Le ressort du scénario comme du film, ressort moral comme esthétique, est la symétrie et l’interaction calculée. Les oppositions une fois mises en place (Mocata / l’orgie démoniaque / Satan contre le Duc de Richleau / l’amour pur / l’Ange) un couple constitué de facto comme «couple de proies» (une masculine et une féminine) devient l’enjeu d’une lutte à mort, sous les yeux de la Mort elle-même invoquée, finale et cruelle arbitre. Fisher a déclaré un jour qu’il croyait à la réalité positive du mal comme du bien : c’est tout l’enjeu de son cinéma de les faire agir positivement sous la forme d’énergies spirituelles revêtant des formes historiques appartenant au monde de la culture. Bergson comme Max Scheler auraient apprécié Les Vierges de Satan.
Dennis Wheatley, Richard Matheson et l’acteur Christopher Lee (qui s’intéressait personnellement à la démonologie) contribuèrent à la matière première occultiste mais cette matière devient une forme cohérente uniquement grâce à la mise en scène de Fisher.
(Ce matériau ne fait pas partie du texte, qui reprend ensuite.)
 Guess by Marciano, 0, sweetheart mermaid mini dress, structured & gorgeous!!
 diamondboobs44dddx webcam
De fait, Les Vierges de Satan inquiéta considérablement les spectateurs lors de sa sortie en salle : c’est en effet un film expressément conçu pour être visionné par une communauté car il réfléchit sur l’idée même de communauté. Le malaise augmente donc naturellement lorsque sa vision est collective. D’autant que Fisher utilise d’une manière finalement très étonnante les symboles primitifs comme les symboles évolués de l’imaginaire religieux et contre-religieux. Il les domine tous deux en les plaçant à travers un courant dialectique qui est sa marque personnelle. En Anglais fondamentalement pragmatique, nous dirions presque «positiviste» – le philosophe anglais John Stuart Mill n’était-il pas un des plus fervents disciples d’Auguste Comte ? – Terence Fisher filme le fait religieux comme le fait contre-religieux avec la même attention sincère, la même fascination dominée et étrangement réfléchissante. Et il se permet de filmer non seulement Satan, mais encore la Mort et même… un Ange en action. Sans oublier l’action déterminante du Temps, corollaire de la Mort invoquée, qui devient l’authentique Deux ex machina du film.
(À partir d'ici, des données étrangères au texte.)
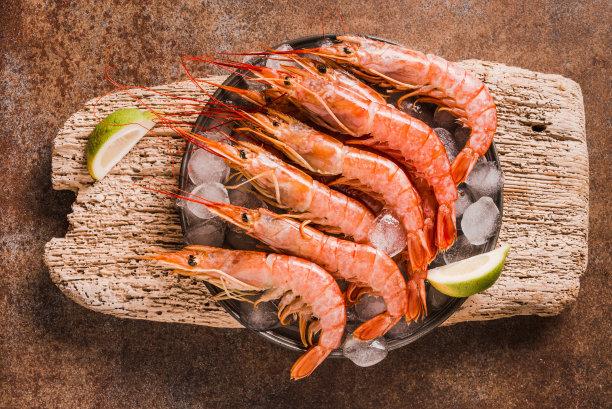 红虾是野生海洋巨虾的美味佳肴。图片下载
Les Vierges de Satan, un film qui, au premier degré, a systématiquement suscité le mépris des intellectuels cinéphiles généralistes déjà réticents envers Fisher et le rire le plus vulgaire chez une partie marginale des spectateurs des salles populaires (rire qui était évidemment une réaction de défense contre la peur profonde qu’ils éprouvaient : les autres se contentaient modestement d’avoir peur sans chercher à lutter) demeure inaltérablement effectif et fascinant.
PS : on regrette que le distributeur Metropolitan Filmexport / Seven 7 n’ait pas repris l’affiche d’exploitation française, particulièrement belle pourtant, pour illustrer la jaquette de son DVD, certes sympathique puisqu’elle reprend une photo de plateau célèbre qui n’appartient d’ailleurs pas à sa continuité filmique mais qui a néanmoins une valeur historique. C’est tout de même une lacune iconographique. De rares affiches françaises de Hammer films sont graphiquement médiocres – celle de Frankenstein créa la femme, par exemple : aucune de ses affiches ou affichettes françaises n’étant dignes du film, on peut lui préférer la très belle jaquette composée par le bon graphiste de Metropolitan – mais la plupart sont magnifiques. Celle des Vierges de Satan fait partie des plus belles et nous regrettons qu’elle ne soit ni reproduite en jaquette, ni présentée en supplément avec le jeu complet de photos d’exploitation françaises.